Mut zur Lücke

Marco Ratschiller | veröffentlicht am 31.01.2020

Mut zur Lücke
Silvan Wegmann | (Nebelspalter)

Demnächst geht die aktuelle Ausgabe von «Gezeichnet» zu Ende. Das ist jene Karikaturenausstellung, die der ‹Nebelspalter› seit Jahren mitorganisiert und über die hier in der letzten Nummer ausführlich berichtet wurde. Vor einigen Tagen widmete auch die Tagesschau des Schweizer Fernsehens der Ausstellung einen Beitrag. Und hinterliess bei manchem Zuschauer Fragezeichen von einer Grösse, die man noch vom Meteo-Dach her hat sehen können.

Der Beitrag zeigte einige ausgewählte Exponate, liess die beiden mitorganisierenden Nebi-Zeichner Silvan Wegmann sowie Tom Künzli zu Wort kommen – und fertig. Der interessierte Zuschauer erfuhr keine Silbe darüber, wo man die Ausstellung besichtigen kann, bis wann sie zu sehen ist, ja nicht einmal, wie der Anlass überhaupt heisst. Nicht nur Satire darf eben alles. Dasselbe muss irgendwie auch für Bericht­erstattung darüber gelten.
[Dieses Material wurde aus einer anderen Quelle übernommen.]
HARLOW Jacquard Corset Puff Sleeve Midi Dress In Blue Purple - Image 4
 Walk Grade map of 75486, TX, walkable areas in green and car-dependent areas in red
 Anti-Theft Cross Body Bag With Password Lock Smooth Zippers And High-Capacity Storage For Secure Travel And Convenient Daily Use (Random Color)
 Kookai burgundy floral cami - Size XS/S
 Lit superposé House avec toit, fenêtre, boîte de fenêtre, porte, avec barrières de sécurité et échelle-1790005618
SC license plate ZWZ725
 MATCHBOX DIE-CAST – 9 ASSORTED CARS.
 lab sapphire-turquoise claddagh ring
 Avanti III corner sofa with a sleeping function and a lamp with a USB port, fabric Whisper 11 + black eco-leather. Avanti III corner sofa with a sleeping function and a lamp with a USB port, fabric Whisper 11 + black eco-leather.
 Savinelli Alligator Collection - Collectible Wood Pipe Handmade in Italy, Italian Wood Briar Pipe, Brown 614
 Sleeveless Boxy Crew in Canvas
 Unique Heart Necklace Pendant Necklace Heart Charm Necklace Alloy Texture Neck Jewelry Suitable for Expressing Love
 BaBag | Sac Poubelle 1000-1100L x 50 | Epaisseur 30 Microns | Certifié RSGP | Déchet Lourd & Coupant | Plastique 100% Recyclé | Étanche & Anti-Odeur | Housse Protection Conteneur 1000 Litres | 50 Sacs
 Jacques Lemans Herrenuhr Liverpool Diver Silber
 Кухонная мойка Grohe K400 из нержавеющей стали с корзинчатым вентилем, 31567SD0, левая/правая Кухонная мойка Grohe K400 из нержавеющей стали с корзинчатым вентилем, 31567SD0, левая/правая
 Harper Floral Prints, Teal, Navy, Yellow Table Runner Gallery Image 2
Während ich dabei war, mich über den verweigerten Service public aufzuregen und einen geharnischten Brief an den Leutschenbach aufzusetzen, dämmerte mir aber langsam, wie visionär diese neue Form der Berichterstattung im Grunde war.

Beklagen wir nicht schon seit Langem die zunehmende Informationsflut, die sich täglich, stündlich, ja sekündlich über uns ergiesst? Ist Mut zur Lücke vielleicht mehr als ein abgedroschenes Motto, sondern eine clevere Idee, um den Medienkonsumenten aus seiner passiven Lethargie zu locken?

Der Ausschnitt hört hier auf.